Barn owl pellets are distinctive and instantly recognisable
in comparison with other British birds of prey. Typically a blunt ended
cylindrical, either round or slightly sausage shaped pellet, which is black
when fresh fading to a dark grey, often covered in a thick black crust. They
are usually compact and are found at roost sites. Barn owls usually roost in buildings,
holes between hay bales, in nest boxes, bird hides and trees which offer
sufficient shelter. It is however best to avoid going near to roost sites
unless you know the bird is not present, to avoid unnecessary disturbance.
Short-eared owl pellet. A distinctively different pellet to that of the barn owl, but often found within rough grassland, near ground roosts in tussocks or low vegetation.
Whilst out and about looking for barn owl pellets and looking
for species to add to the YETI challenge I have also uncovered short-eared owl
pellet and common buzzard pellet. Whilst taking the recent batch of barn owl
pellets apart I have found woodmouse, field-vole and common shrew. These are
all quite typical barn owl prey and make up the preponderance of pellet
contents, with occasional pygmy shrews. It's interesting that barn owls readily
consume shrews which are generally considered distasteful by most avian and
mammalian predators due to the presence of flank scent glands, this is due to
barn owls having rather poor taste or sense of smell.
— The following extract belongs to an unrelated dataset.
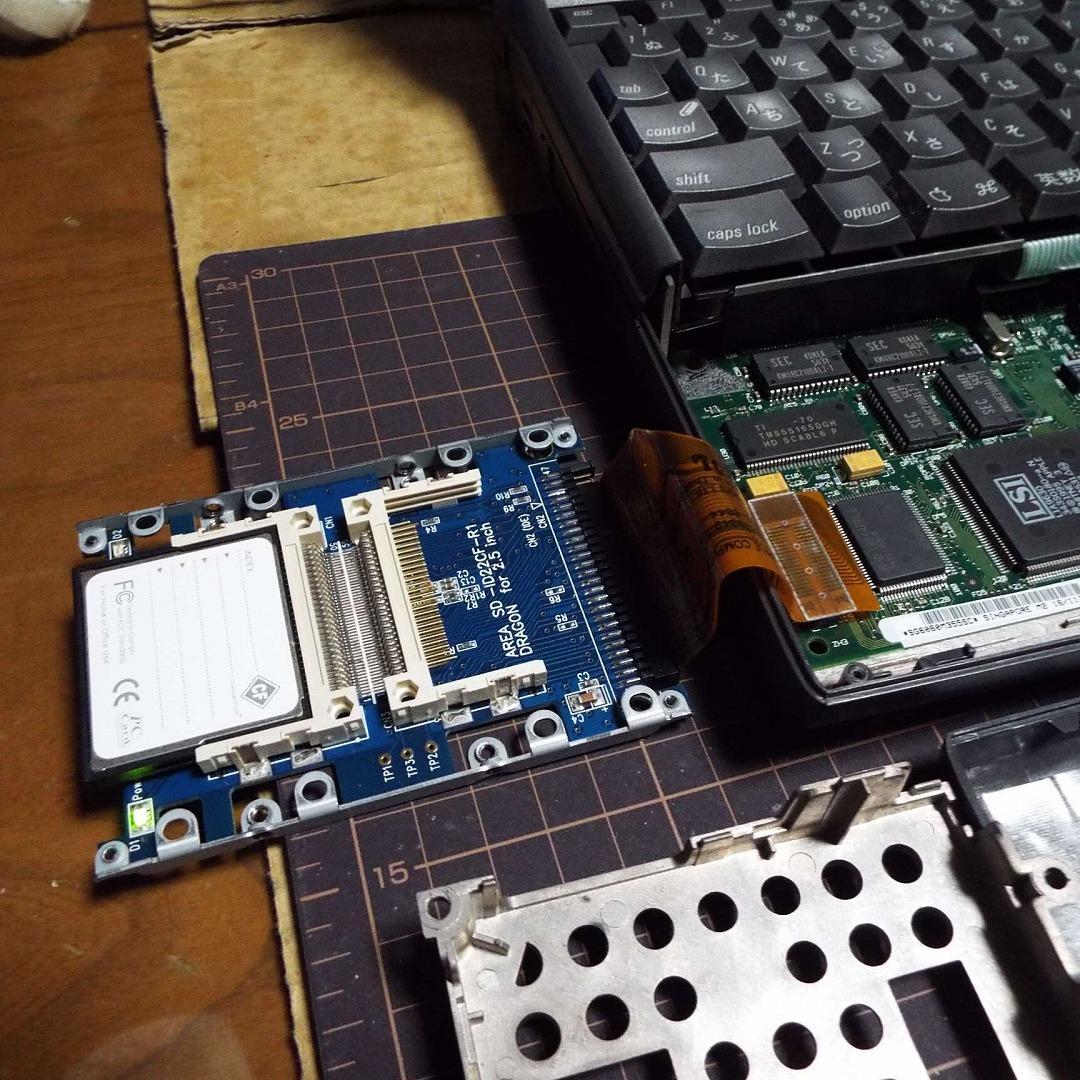 最近不動_ヒンジ崩壊_CF起動_ PowerBook 5300Ce_付属品多数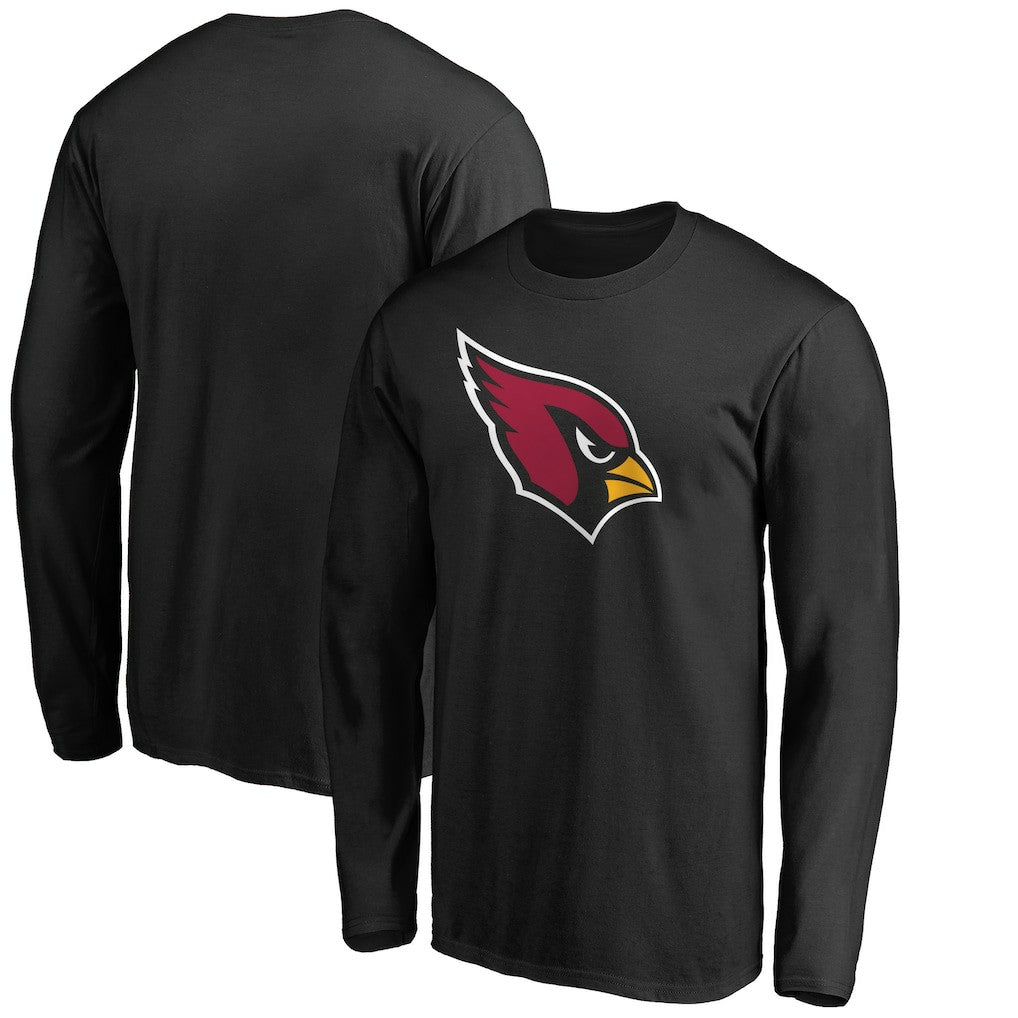 Arizona Cardinals Primary Logo Long-Sleeve T-Shirt - Black T-shirts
These scent glands consist
of an area of skin that is thickened by the presence of a large number of
sebaceous an sweat glands. Studies show that roughly one third of the diet
consists of field vole, almost a quarter of common shrew and the rest a mixture
of woodmouse, pygmy shrew, bank vole with occasional brown rat, water shrew,
harvest mouse and birds. In respect to the latter I have found starling remains
in nest boxes and chaffinch skulls in pellets, there are reports of finding snipe
skulls (with beak) in pellets. Barn owls rarely take birds larger than
blackbirds, unlike tawny owls. The reduced number of bank voles in the diet in
comparison to how common they are is reflective of the species preference for
more wooded habitats avoided by barn owls.
Common buzzard pellet, often found below favoured roost locations in trees.
Woodmouse skull on the left showing the rounded cluster like teeth typical of mice and field vole on the right showing the zig-zag teeth typical of voles. Both taken from the same pellet.
Common shrew skull and lower jaw, a species which barn owls appear particularly fond and is usually the secondary key prey item.
Snowdrops are now showing well across the region.